#### [TASK BRIEF]
From the first line to the last, print the material exactly, skipping the pictures.

#### [DATASET SECTION]
──────────────────────────────

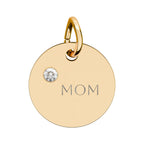 Custom Engraved Birthstone Circle Charm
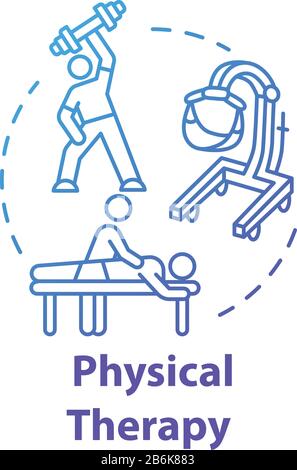 Physical therapy concept icon. Workout. Massage, chiropractic. Rehabilitation procedures. Physiotherapy in gym idea thin line illustration. Vector Stock Vector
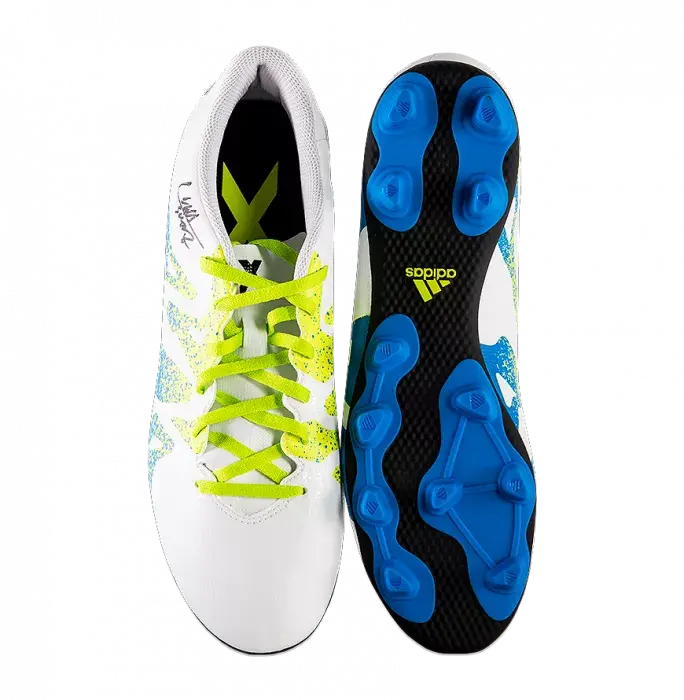 Icons Luis Suarez Signed White And Blue Adidas X 16.4 Boot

──────────────────────────────

#### [SOLUTION FOR THIS TASK]
 Custom Engraved Birthstone Circle Charm
 Physical therapy concept icon. Workout. Massage, chiropractic. Rehabilitation procedures. Physiotherapy in gym idea thin line illustration. Vector Stock Vector
 Icons Luis Suarez Signed White And Blue Adidas X 16.4 Boot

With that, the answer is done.